Recovering your change programme

You can feel it in your bones – something is not right. As programme and change professionals, we have all been there. That gradual realisation that a change programme, or an entire transformation, is slipping out of control and needs recovering. The implications of calling out the problem are significant – admitting to increased costs and eroding benefits and then dealing with increased exec attention and potentially personal recriminations.



Act now, before you become part of the problem


It doesn’t have to be like that. Instead of waiting for things to happen to you, take control and make it happen. Act with strength and act now while you can still recover. If done in the right way, following a robust approach and with the right capability by your side, this can be seen as a successful reset, not a recovery failure.



How do you know you need to act?


It may be obvious, and you may have just inherited the problem, in which case you know you can act immediately. Or you could be the Programme Director or accountable sponsor who has lived and breathed the programme which has started to exhibit some worrying signals.


The mechanical signs are there to see – programme status suddenly shifting to red from a sea of green; milestones continually moving; activities on the plan becoming increasingly overlapped; costs overrunning; and benefits diminishing.


Or there could be softer, more people-related issues that are not so immediately clear, but you cannot ignore. Stress levels and sickness on the rise; increased defensive behaviour from your suppliers; stakeholders distancing themselves and required decisions not being made.


These all point you towards the need to act – get on the front foot and set the path to recovery.



What is the recovery approach?


It is important to get a good up-front sense of the root cause issues. The key to a good recovery is to solve these in a sustainable way. The approach to dealing with the situation is also critical – your team may be bruised, and tensions will be high, so there is a need to strike the right balance between impactful action and empathy.


The first step is to discover and stabilise:


  • Are there underlying problems with the business or programme environment, or are the issues more in the leadership capability and approach?
  • Do you have your best team on the ground, or do you need to immediately boost this to gain the necessary recovery traction?

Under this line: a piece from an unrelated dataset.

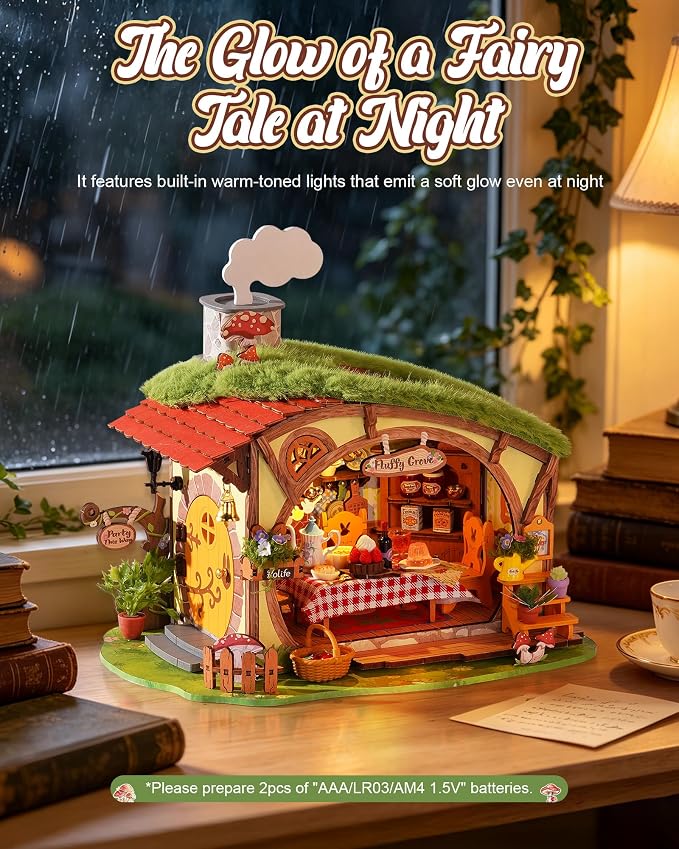 Rolife DIY Miniature Dollhouse Kit Fluffy Grove, Stress Relieving Fantasy Forest Mini House Building Kit with LED, Cozy Fairy Cottage Wooden Dollhouse Craft for Adults Teens, Bookshelf Home Decor Gift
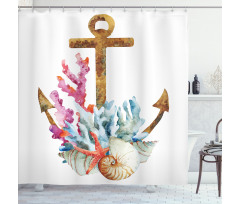 Anchor Corals Seaweed Shower Curtain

This stage will mitigate the highest impact risks and issues, in addition to developing the recovery strategy and confirming if continuing with the programme is the right thing to do. It will then re-confirm the programme sponsorship, exec buy-in and gain approval to proceed.


The next step is to develop and implement the recovery plan, driving the initial programme reset. This will involve collating and analysing the issue areas found in the discovery phase and determining who and what resources are needed to reset. It is critical to focus in on some quick wins to start gaining traction, rebuilding confidence in the programme and in the delivery team.


This phase will agree any changes to scope, design, plan, costs, and benefits.


Finally, you need to embed and sustain the recovery by driving delivery with rigour and establishing key KPIs and a ‘single version of the truth’ on progress and risk tracking. At this stage, really focus in on the team – rebuilding morale, making sure that everyone is on board and pulling in the same direction.



What are the key things to get right?


Recovering a programme is often a sensitive exercise, ensuring the right balance between driving the programme back on track and reviving the team, who may well have taken a dive in morale. Every situation is different, but there are some key themes to get right throughout all the stages of recovery:


  • Deploy deep, independent expertise to accurately assess, prioritise, and focus in on the business outcomes, rather than the activity. Make sure this is not a witch-hunt, this is a time for clear direction and essential action, whilst logging the lessons learned
  • Regular and clear communications are critical to the immediate team and stakeholders; this should be part of an overall people plan, whilst re-engaging and re-building morale as you go
  • Never be afraid to ask the ‘killer’ question – should this programme continue? Not every situation should be recovered, especially if it has been running a long time and the business environment around it has significantly change.